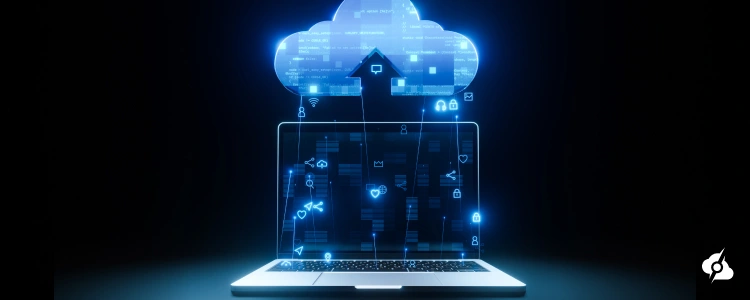 A decorative image showing backup and disaster recovery.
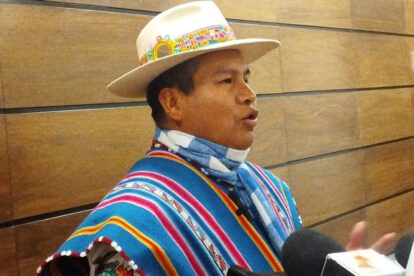 Sumatoria de penas en Bolivia propuesta por Antonio Colque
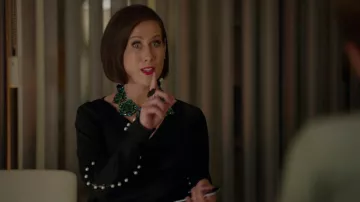 The blouse with beading by Diana Trout (Miriam Shor) in Younger S04E06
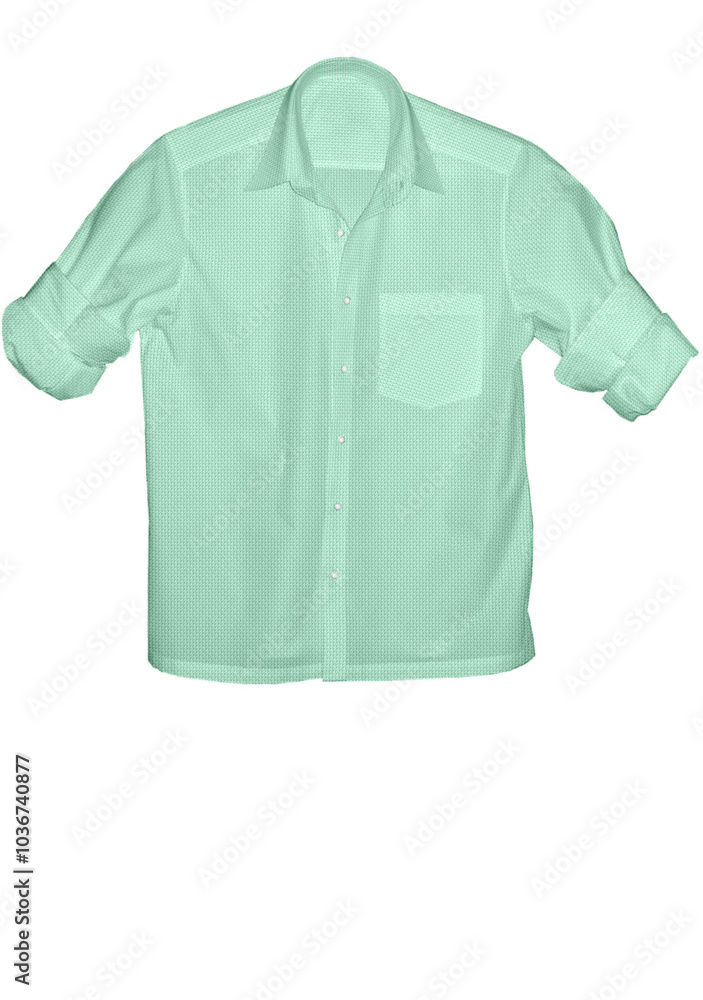 3d illustration autumn season men casual shirt with cotton material soft finishing. 3d illustration autumn season men casual shirt with cotton material soft finishing.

▶ _YOUR ASSIGNMENT_
Print the material above word for word, and keep the pictures out of it.

▶ _ANSWER FOR THE TASK_
 A decorative image showing backup and disaster recovery.
 Sumatoria de penas en Bolivia propuesta por Antonio Colque
 The blouse with beading by Diana Trout (Miriam Shor) in Younger S04E06
 3d illustration autumn season men casual shirt with cotton material soft finishing. 3d illustration autumn season men casual shirt with cotton material soft finishing.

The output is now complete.